* _DATA PROVIDED_:
[Start of Attachment]

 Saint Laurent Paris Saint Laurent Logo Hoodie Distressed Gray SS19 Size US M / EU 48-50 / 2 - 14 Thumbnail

[End of Attachment]
[Start of Attachment]

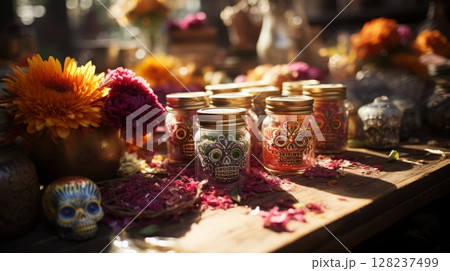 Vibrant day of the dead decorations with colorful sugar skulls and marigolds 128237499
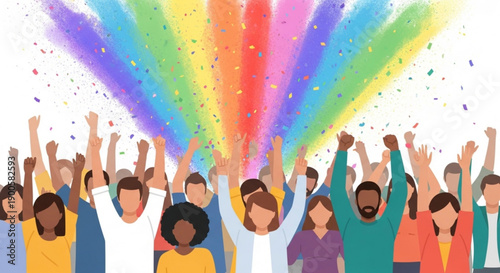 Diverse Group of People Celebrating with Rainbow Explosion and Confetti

[End of Attachment]

* _TASK DESCRIPTION_:
Every line above from the one with "Vibrant day of" down to the one with "Diverse Group of" must be written out exactly, and no picture may appear.

* _RESPONSE TO THE TASK_:
 Vibrant day of the dead decorations with colorful sugar skulls and marigolds 128237499
 Diverse Group of People Celebrating with Rainbow Explosion and Confetti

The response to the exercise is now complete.